Covariantly Quantized Spinning Particle and its Possible Connection to Non-Commutative Space-Time

TL;DR

This paper explores covariant quantization of a spinning particle in 2+1 dimensions, addressing reducibility issues in constraints and connecting non-commutative space-time with conventional models through BRST and Batalin-Tyutin methods.

Contribution

It presents a detailed analysis of covariant quantization methods for the spinning particle, including handling reducible constraints and establishing links to non-commutative space-time.

Findings

Successful covariant quantization of the model using Batalin-Tyutin method.

Established a mapping between non-commutative and ordinary space-time.

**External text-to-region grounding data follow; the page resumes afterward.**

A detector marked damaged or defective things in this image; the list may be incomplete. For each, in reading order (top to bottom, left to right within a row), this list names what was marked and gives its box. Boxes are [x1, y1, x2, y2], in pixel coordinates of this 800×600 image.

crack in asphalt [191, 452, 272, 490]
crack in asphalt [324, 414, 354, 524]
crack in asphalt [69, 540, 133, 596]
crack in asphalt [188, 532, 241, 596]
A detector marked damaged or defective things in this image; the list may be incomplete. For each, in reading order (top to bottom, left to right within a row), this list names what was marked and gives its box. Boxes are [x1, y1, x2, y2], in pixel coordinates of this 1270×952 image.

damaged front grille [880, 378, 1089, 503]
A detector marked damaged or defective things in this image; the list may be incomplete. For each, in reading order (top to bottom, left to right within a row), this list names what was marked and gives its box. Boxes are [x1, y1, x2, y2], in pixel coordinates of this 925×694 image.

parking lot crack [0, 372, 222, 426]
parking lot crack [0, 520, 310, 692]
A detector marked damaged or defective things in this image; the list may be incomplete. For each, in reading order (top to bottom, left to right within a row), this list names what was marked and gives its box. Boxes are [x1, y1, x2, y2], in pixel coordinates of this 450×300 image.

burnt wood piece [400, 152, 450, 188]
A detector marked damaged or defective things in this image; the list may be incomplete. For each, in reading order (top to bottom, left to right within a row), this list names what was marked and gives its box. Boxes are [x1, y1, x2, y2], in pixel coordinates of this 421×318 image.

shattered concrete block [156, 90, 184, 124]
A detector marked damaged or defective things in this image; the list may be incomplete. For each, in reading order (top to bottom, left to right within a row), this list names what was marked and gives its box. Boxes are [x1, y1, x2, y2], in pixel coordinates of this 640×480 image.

Discussed BRST quantization in the context of reducible constraints.

Abstract

Covariant quantization of the Nambu-Goto spinning particle in 2+1-dimensions is studied. The model is relevant in the context of recent activities in non-commutative space-time. From a technical point of view also covariant quantization of the model poses an interesting problem: the set of second class constraints (in the Dirac classification scheme) is {\it reducible}. The reducibility problem is analyzed from two contrasting approaches: (i) the auxiliary variable method [bn] and (ii) the projection operator method [blm]. Finally in the former scheme, a Batalin-Tyutin quantization has been done. This induces a mapping between the non-commutative and the ordinary space-time. BRST quantization programme in the latter scheme has also been discussed.